Monday, November 20, 2006

Continuations for Web Development and Leaky Abstractions

In the popular online essay The Law of Leaky Abstractions Joel Sopolsky talks about choosing wrong abstractions for describing programing libraries. Abstractions that hide details influencing in important ways the programs using those libraries. Since those details are hidden the programmer have no control over them and in result has no control over important aspects of the resulting programs.

Calling something continuation passing when in fact you need to save and then retrieve the whole process memory to and from the disc is such a misleading abstraction. Passing and then calling a continuation, in languages that support it, is a primitive operation - something that translates to just a few machine code instructions - something O(1) - saving process memory is not. Until this memory saving is completely eliminated I will call Catalyst::Continuation and Jifty::Continuation a leaky abstraction.

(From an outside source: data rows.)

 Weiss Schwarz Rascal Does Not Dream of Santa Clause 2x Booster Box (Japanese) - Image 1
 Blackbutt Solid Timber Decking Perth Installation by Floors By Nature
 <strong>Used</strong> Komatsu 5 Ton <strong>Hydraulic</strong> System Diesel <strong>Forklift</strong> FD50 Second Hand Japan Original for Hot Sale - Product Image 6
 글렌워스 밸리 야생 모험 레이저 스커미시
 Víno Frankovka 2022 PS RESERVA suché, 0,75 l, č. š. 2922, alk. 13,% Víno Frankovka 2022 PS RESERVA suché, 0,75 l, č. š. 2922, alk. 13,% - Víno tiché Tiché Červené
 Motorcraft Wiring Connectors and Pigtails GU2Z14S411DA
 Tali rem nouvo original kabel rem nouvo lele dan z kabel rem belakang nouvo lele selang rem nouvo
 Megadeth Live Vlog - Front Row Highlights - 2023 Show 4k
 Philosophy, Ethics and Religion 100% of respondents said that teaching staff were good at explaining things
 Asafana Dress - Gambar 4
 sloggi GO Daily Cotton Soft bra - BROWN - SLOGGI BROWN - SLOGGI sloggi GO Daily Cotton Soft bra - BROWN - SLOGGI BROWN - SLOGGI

Saturday, October 28, 2006

path and args

There is a drive to convert all the addresses with GET parameters to paths.
http://www.domain.com/book?author=Dostoyevsky
becomes
http://www.domain.com/book/Dostoyevsky.
But what if we add a genre to that search?
http://www.domain.com/book/Dostoyevsky/memoir
or
http://www.domain.com/book/memoir/Dostoyevsky
?
We need to arbitrary decide about the position of the arguments. But what if both of the arguments are optional? Then we need to reserve some string to play the role of 'undef'. We need to add two unnecessary, arbitrary conventions - complicating the code and also the usage.

Perhaps we should rather do
http://www.domain.com/book/author/Dostoyevsky/genre/memoir
with the semantic that everything after /book/ is actually the same old key=value pair and that the order of the pairs has no meaning. Does this really buy us something? I don't know - I would rather see:
http://www.domain.com/book?author=Dostoyevsky;genre=memoir and know from the start how to manipulate it, and that I don't need to care about the order of the pairs.

Why on Earth change all named parameters to positional ones?

For Plugger: Catalyst.

Thursday, October 26, 2006

Tags and search and DBIx::Class

Update: Advanced Search in web DBIx::Class based applications (with tags, full text search and searching by location) is a more elaborated version of this article.

Some time ago I had an idea for a bookmarking site - nothing really revolutionary, but with an effective interface. I've decided that it needs to combine search, browsing by tags and other properties, ordering and jumping to pages. I have really thought much how to make it effective - that is letting the user find some web page with least number of operations assuming that she remembers only random bits from it and that the data we display perhaps reminds her about some new info. These interface ideas are material for another post - here I would like to concentrate on implementation of tagging in DBIx::Class.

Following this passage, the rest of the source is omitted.